Pinebox Portable Computer




About: Software geek, electronics enthusiast, musician, artist ... I enjoy making stuff, and discovering new things!

This is a multi-part instructable for a Portable Raspberry PI computer and development system:

It's a Pi, in a box, a box made of pine, hence the name: PInebox!

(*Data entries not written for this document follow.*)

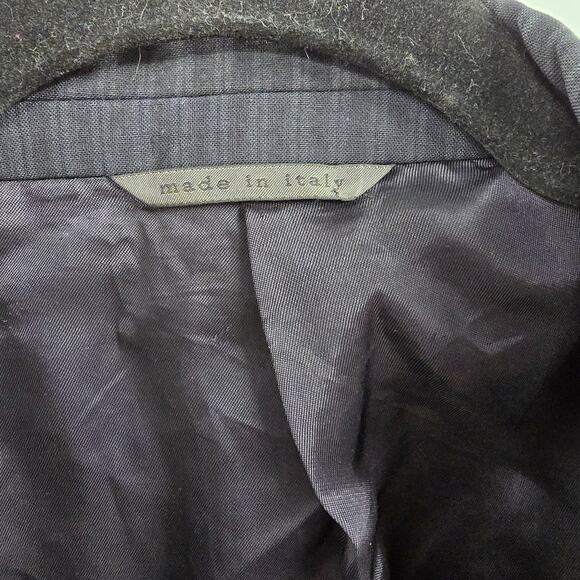 John Varvatos Sports Coat Wool Gray Striped Blazer Italy - Picture 5 of 9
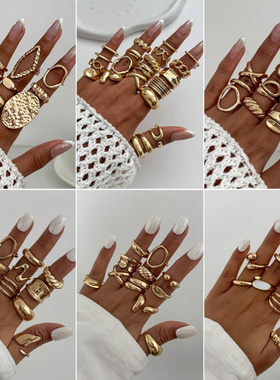 欧美跨境不规则液态熔岩金属褶皱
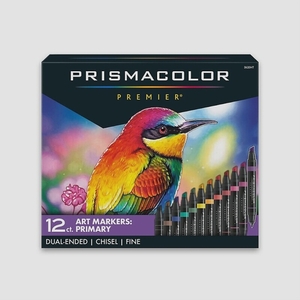 送料無料★Prismacolor　Premier両端アートマーカー 12-Count (マルチカラー)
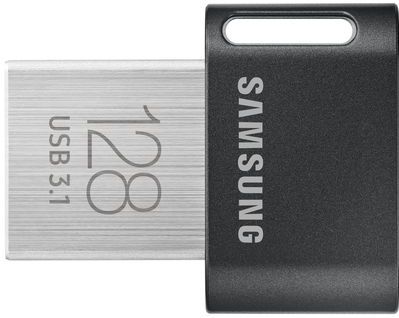 Samsung - MUF-128AB - USB Flash Drive - 128 GB - USB Type-A - Grijs, Zilver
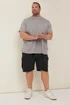 BadRhino Black Essential Cargo Jogger Shorts - 3XL Image 2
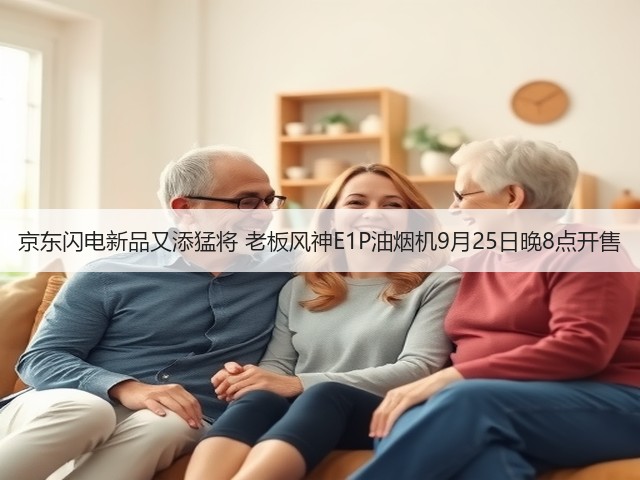 京东闪电新品又添猛将 老板风神E1P油烟机9月25日晚8点开售(图1)
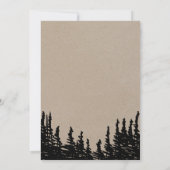 Rustic Woodsy Mountain Save the Date Card (Back)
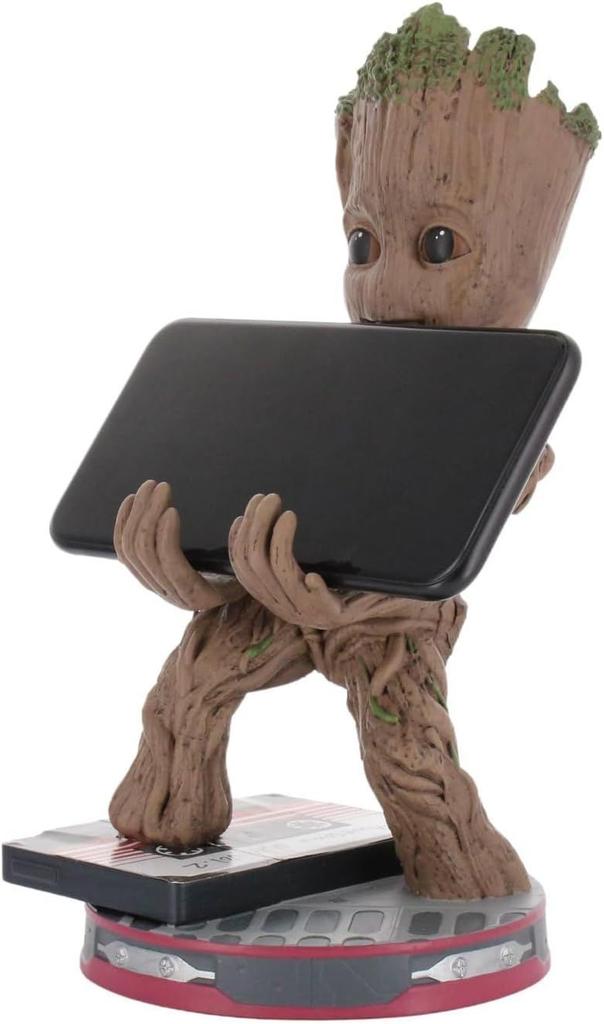 Figurine Marvel Les Gardiens de la Galaxie Jeune Groot - EXQUISITE GAMING - Cable Guys - Support écouteurs ou petit accessoire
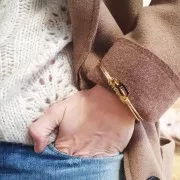 Maillons ovales 20x11 mm - Ecaille de tortue - Marron - Noir x10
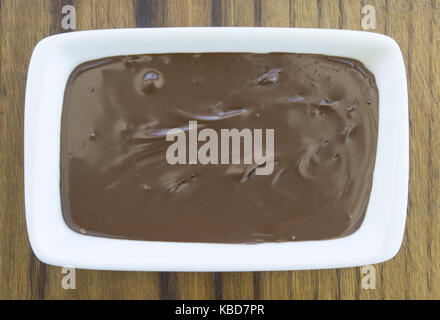 melted chocolate Stock Photo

  • Portable Linux computer/laptop
  • Raspberry Pi hardware/software project development platform
  • Backup emergency PC (web browser/email)
  • General 5 Megapixel Camera/HD Video (with audio)
  • Portable Audio recorder/player
  • Remote ZoneMinder CCTV camera source and ZoneMinder CCTV camera montage monitor
  • DVB-T2 television receiver?
  • VOIP/Skype phone?
  • And more!

Step 1: Specifications

Hardware spec :-

  • Raspberry Pi 2 Model B, Quad core ARM, 1G memory
  • HD Screen from Cyntech (HDMI 1280 x 800, LED backlit)
  • HD camera (front, side and rear) with 2 x LED flash
  • Wired and WiFi network access
  • 8G system/OS drive (Micro SDHC 8G/Noobs)
  • 16G internal onboard storage (USB stick)
  • Full size keys, compact keyboard (wired)
  • Wireless Mouse LIRC (Infra Red control) Transmitter and Receiver
  • Audio Out: Headphone (ext)/Speakers (int)
  • Audio In: Line In (ext)/Mono Mic (int)
  • Approx 55WH battery pack and internal charger
  • Flexible recharging/external power requirements
  • Custom wooden case

Ports :-

  • 2 x USB
  • 1 x RS232C (D9)
  • 1 x Wired network (RJ45)
  • Universal AC/DC In (2.1mm DC jack)
  • 2 x Audio (line in/spkr out) (3.5mm jacks)
  • 40 way GPIO with boosted (i.e. non Pi powered) 3V3/5V supplies (internal)

Step 2: Concept/Design

After lots of paper scribblings and sketching, physical layout for this project was mocked up in Blender 3D for checking sizes, clearances, and to give cutting/marking guides. The attached video is rendered from the Blender model to give an exploded view.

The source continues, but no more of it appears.